The two following Professors of Law, both coming from Lisbon and fans of Sporting, after presenting sophisticated arguments and making a number of quotations ruled in favour of De las Pampas. Then, came another Law Professor, this one from Minho University and a fan of F.C. Porto. He ruled in favour of Cristina. His argument is worth noting.

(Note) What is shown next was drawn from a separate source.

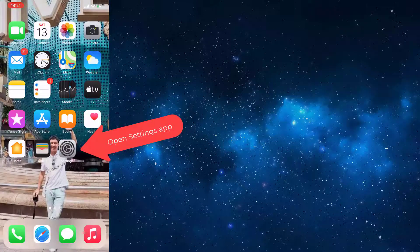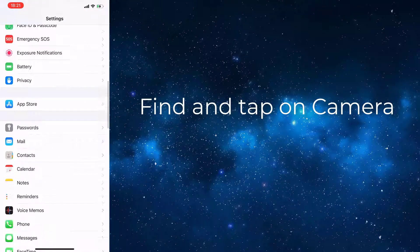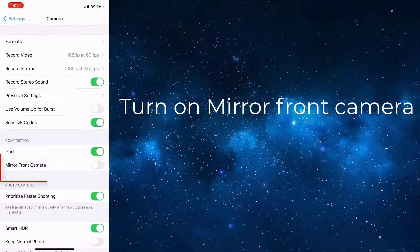To do this, open the Settings app, find and tap on Camera, then scroll down the screen and turn on Mirror Front Camera.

Briefly, he argued that even though the rules of the game make it ilegal for each fighter to hit his opponent below his waist, exceptional cases must be considered. One of such cases is when the fight puts face to face a man and a woman. The male fighter has in this case an unfair advantage because of the weight of his genitalia. This weight which, in the case of De las Pampas, he estimated at 1.574 pounds, shifts the centre of gravity of his body forward, giving the man a more aggressive posture and conferring him an undue advantage over his female opponent. In the case of De las Pampas he estimated this shift to be 0.398 inches. Thus, Cristina´s knee-blow at De las Pampas' genitals was simply an attempt to remove this unfair advantage from her opponent. If he could not recover and was sent directly to hospital that was not her problem. His conclusion was that Cristina Keller was a fair, lawful winner of the fight.
As I leave this country today and this special report comes to a close let me inform my viewers all around the World that the Portuguese Ministério Público has just announced it is opening a full, rigorous criminal inquiry on this case. With their peculiar sense of humour and taste for words the Portuguese people are already calling it here the Tomatos' Whistle.